→ **THE TASK**
Print all the records below exactly as they stand, but leave out the pictures.

→ **PROVIDED DATA**
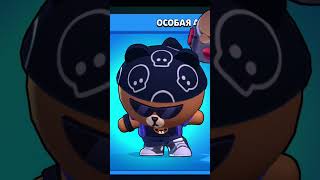 subscribe brawlstars top [upl. by Weber]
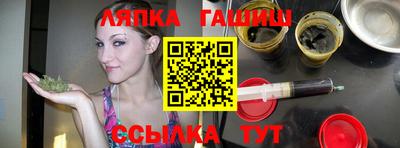 прущая мука Гатчина
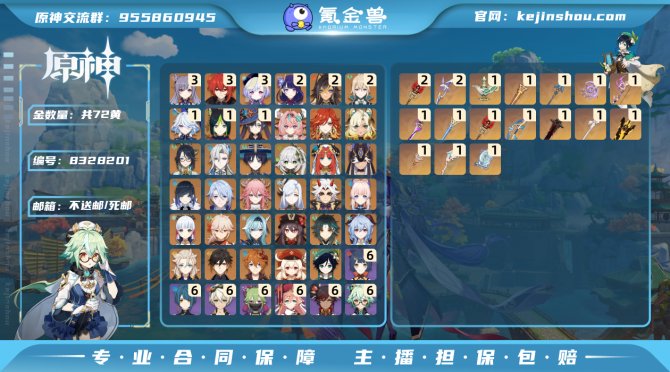 氪金兽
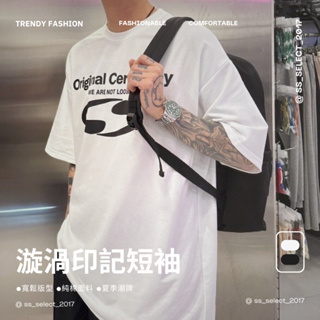 漩渦印記 短袖 T恤 休閒 純棉 潮流 夏季 男女同款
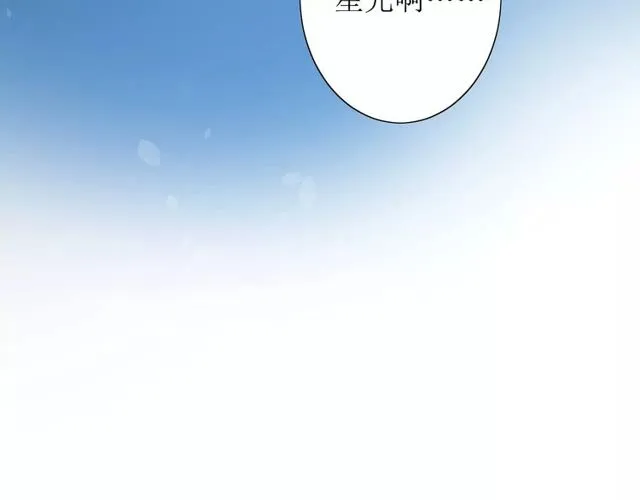 第57话 新婚之夜 第37页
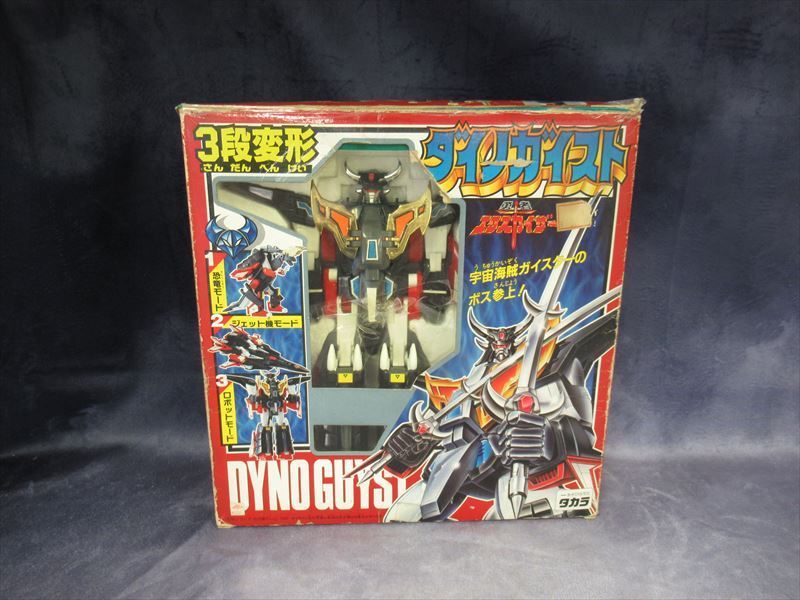 勇者エクスカイザー 3段変形 ダイノガイスト タカラ 勇者
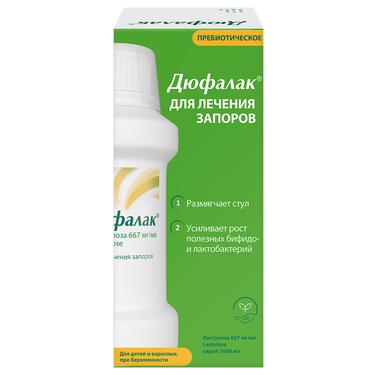Дюфалак сироп 1000 мл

→ **EXERCISE OUTPUT**
 subscribe brawlstars top [upl. by Weber]
 прущая мука Гатчина
 氪金兽
 漩渦印記 短袖 T恤 休閒 純棉 潮流 夏季 男女同款
 第57话 新婚之夜 第37页
 勇者エクスカイザー 3段変形 ダイノガイスト タカラ 勇者
Дюфалак сироп 1000 мл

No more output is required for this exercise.